A sense of joy shines out from this record of the journey, whether it comes from spectators politely waiting to secure a prized souvenir of coal from the tender, or the signwriters who painstakingly repainted the livery. To some, it might look like pointless nostalgia for a “golden age” at a time when rail ticket prices are high and travel expectations low; there is, however, something remarkable about the love an old machine can generate, a power as mysterious as the clouds of hissing steam.
Victoria Segal

The lure of the land
This Farming Life (BBC2, 7pm)

This elegant new 12-part series will be shown three times a week for the next month, and charts the seasons across five farms in Scotland. Sandy Granville, a former barrister from London, prepares for “the pit of winter” on the Isle of Lewis by bringing in a flock of wild sheep from an uninhabited island. The story of Sandy and his wife, Ali, is the most interesting — returning to the land of his grandfather — but the other families are perhaps more representative of the modern business of farming.

Refugee realities
Frontline Doctors — Winter Migrant Crisis (BBC1, 9pm)

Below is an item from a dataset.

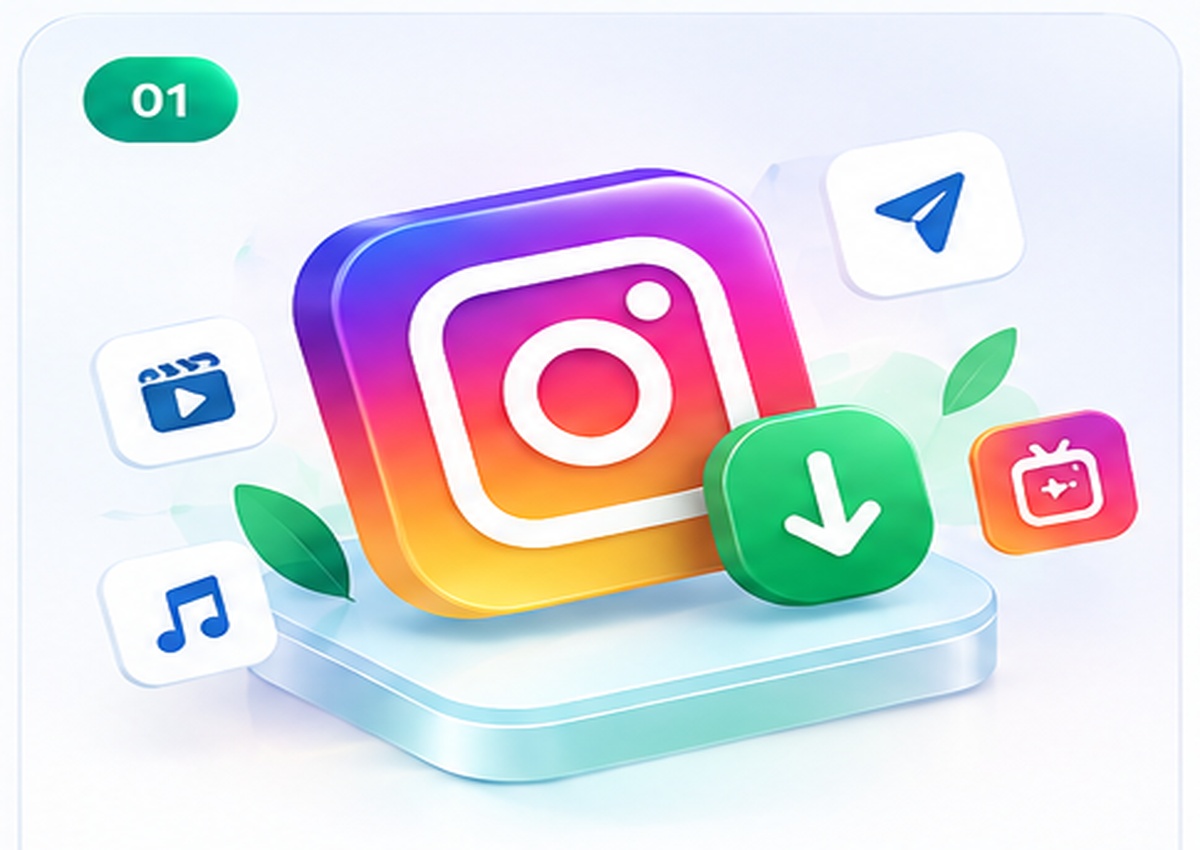 InstaSaveVid Telegram bot loyihasi — Instagram va YouTube media yuklash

This documentary defies viewers to watch without shaking their heads in dismay at what doctors Chris and Xand van Tulleken find when they travel across Europe to observe the conditions in which refugees are living. During one January morning on Lesbos, they helped some of the thousand people landing that day, brought cheap, dangerous boats ashore and met fellow professionals who —in the absence of organised support from the Greek government — offer immediate treatment for hypothermia and frostbite. The Jungle at Calais is shocking, but a shanty camp near Dunkirk beggars belief, and the van Tullekens are concerned that an ill one-year-old with measles could start an epidemic.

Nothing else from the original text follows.